Esta semana, con motivo de las Fallas, era la propia De la Vega quien estaba en la ciudad. Barberá dio esta vez a la vicepresidenta una carta de los vecinos partidarios de la prolongación de Blasco Ibáñez. "La vice", que algo se olía, encajó el gesto y respondió con artillería pesada: "Houses from the Cabanyal". Se trata de una recopilación fotográfica que cataloga, calle por calle, todo el patrimonio modernista del barrio marítimo, centrándose en las peculiares fachadas de azulejos.
El plano artístico del viejo poblado es, precisamente, una de las aristas de un conflicto con tintes políticos, sociales, jurídicos y urbanísticos; muchos problemas que conviven en el Cabanyal. De ahí el gesto de De la Vega, que quiere proteger la integridad el barrio.
El libro "Houses from the Cabanyal" realiza un recorrido gráfico por todas las calles del Cabanyal, entre Francesc Cubells, límite en el sur con el Grau, y Tarongers, frontera norte con la Malva-rosa. Según Felip Bens, responsable de la editorial L'Oronella y autor del libro, "la irrupción de las fachadas de colores es la reinterpretación que hicieron las clases populares marineras del movimiento artístico del Modernismo a principios del XX".
Al margen de la motivación estética también se intuyen factores más prosaicos, como las bondades del alicatado ante la humedad que obligaba asiduamente a encalar las clásicas barracas en aquellos años; o el punto de presunción de unos habitantes que, entonces y casi todavía hoy, tenían en la puerta y en la entrada de casa su punto de encuentro con los vecinos.
El catálogo también permite comprender la composición arquitectónica del barrio, de casas más ostentosas a más humildes conforme se avanza de sur a norte. Así, en el Canyamelar -cercanías del puerto- predominaban las casas de tres plantas de los capitanes de barco y clases más acomodadas.

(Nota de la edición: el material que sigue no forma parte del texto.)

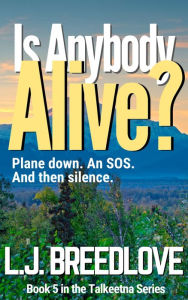 Title: Is Anybody Alive?, Author: L. J. Breedlove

El resto del pueblo mantiene las habituales casas de dos plantas, sobre todo en la parte central, donde se repartían por calles los funcionarios del puerto, los trabajadores de las consignatarias o de los propietarios de barca. El Cap de França, en la zona norte del barrio, se destinaba a las casas de una planta para pescadores. Una distribución que, grosso modo, aún se mantiene, con muchas fachadas intactas y otras tantas deterioradas por el abandono.
"Ojalá que la repercusión del libro contribuya a que se valore el patrimonio en peligro. Y a sensibilizar a la ciudadanía para llegar a un proyecto de rehabilitación integral", concluye Bens.